Take the line that contains "Produktbild: Awakening" and every line below it to the end of the entries, and give them again exactly, leaving out any pictures.

##############################

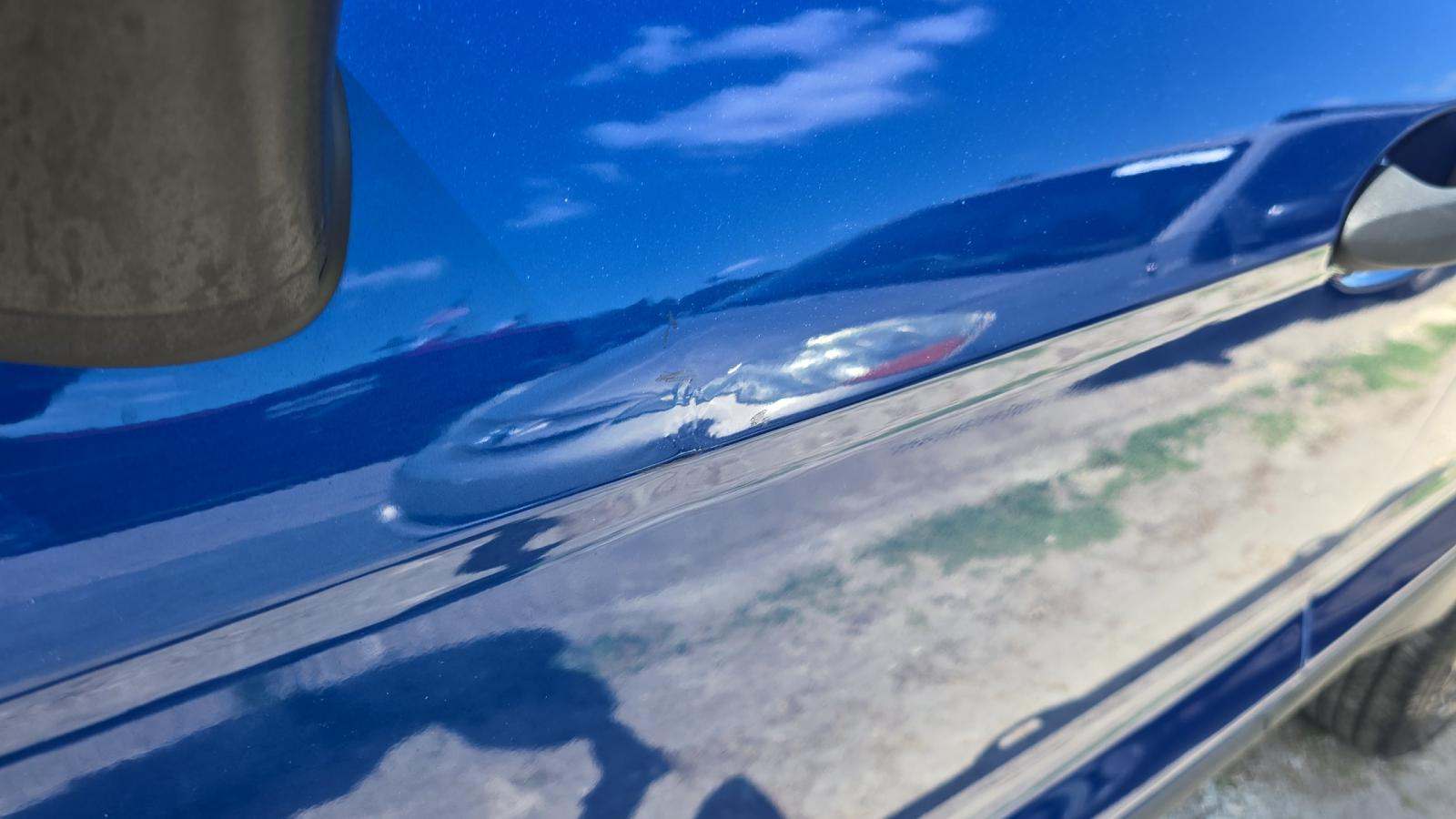 Thumbnail 30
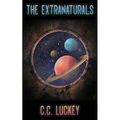 The Extranaturals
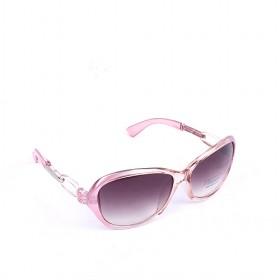 Fashion Top Quality Women 's Polarized Sunglasses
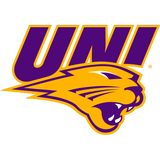 UNI Panthers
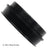 Beck Arnley 052-2201 Wheel Seal - Rear Outer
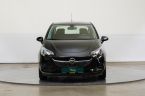 Opel Corsa - fotka číslo 3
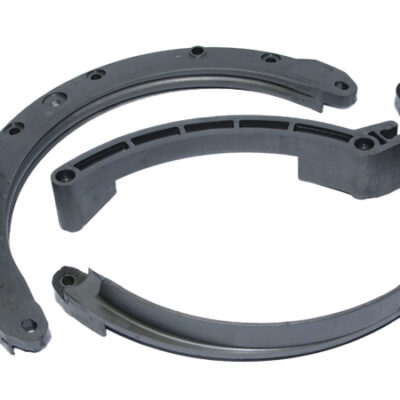 DEMAG 82381244 ROPE GUIDE 5/11.3R DH500-600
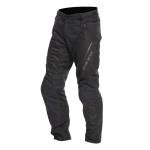 Pantalon Dainese DRAKE 2 SUPER AIR TEX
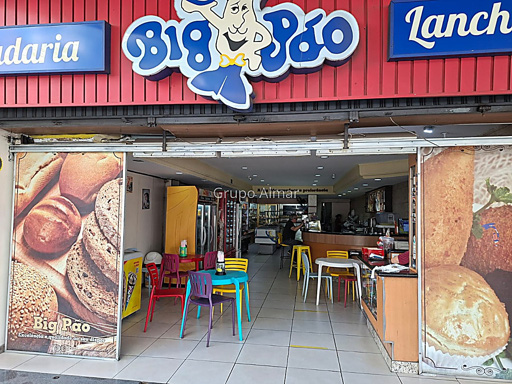 Foto cadastro cód. 8899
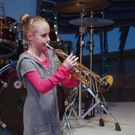 DSC05594_JPG-1361115442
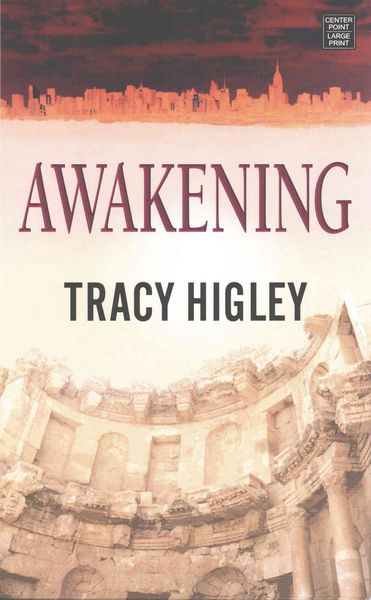Produktbild: Awakening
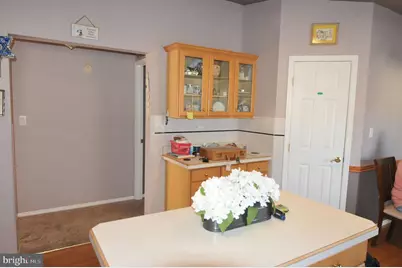 42 Dogwood Lane, Mays Landing, NJ 08330 - Photo 25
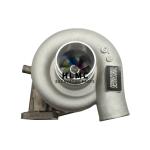 287-0049 49179-02910 C6.4 Car Engine Parts Turbocharger 320D Excavator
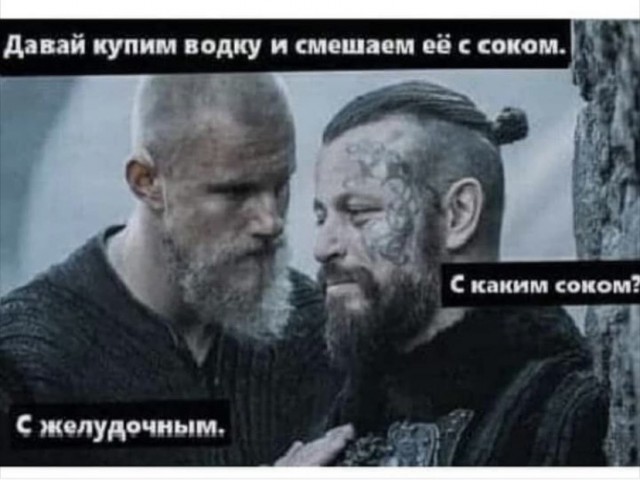 Чуток картинок 18.12.21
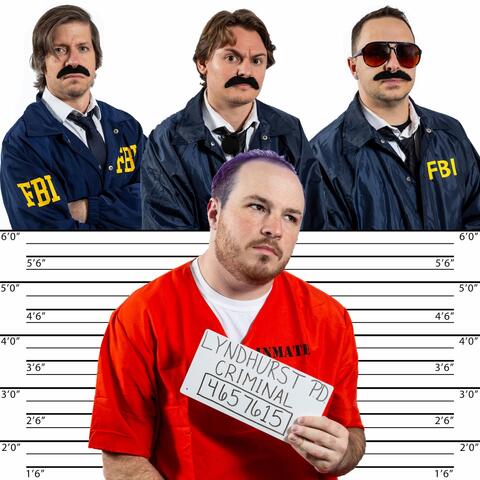 Criminal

##############################

Written answer =
Produktbild: Awakening
 42 Dogwood Lane, Mays Landing, NJ 08330 - Photo 25
 287-0049 49179-02910 C6.4 Car Engine Parts Turbocharger 320D Excavator
 Чуток картинок 18.12.21
 Criminal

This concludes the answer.